About this task:
Only the lines from the one containing "แว่นกันแดด Gianni Versace" to the end of the material are to be copied, exactly and in full; images stay out.

Provided material:
● ● ● ● ● ● ●
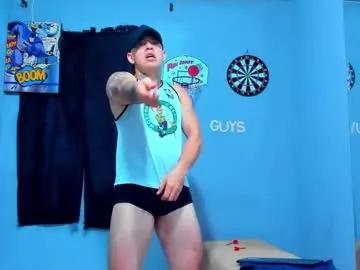 raymondstonee from Chaturbate is Freechat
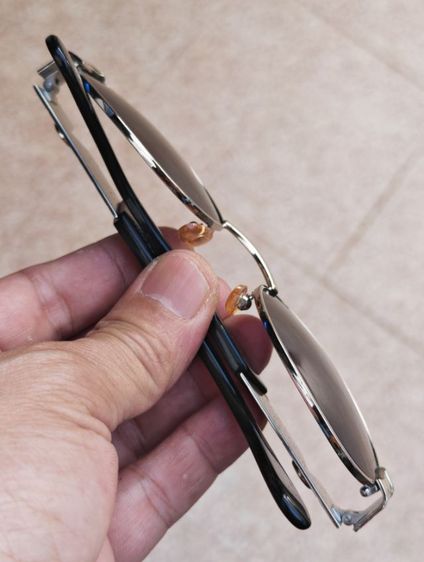 แว่นกันแดด Gianni Versace Italy แท้ๆงามๆ ราคาสุดแบ่งปันครับ รูปที่ 5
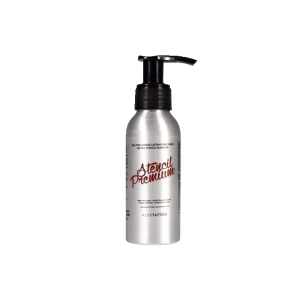 ALOE TATTOO STENCIL PREMIUM 90ML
● ● ● ● ● ● ●
Expected output:
 แว่นกันแดด Gianni Versace Italy แท้ๆงามๆ ราคาสุดแบ่งปันครับ รูปที่ 5
 ALOE TATTOO STENCIL PREMIUM 90ML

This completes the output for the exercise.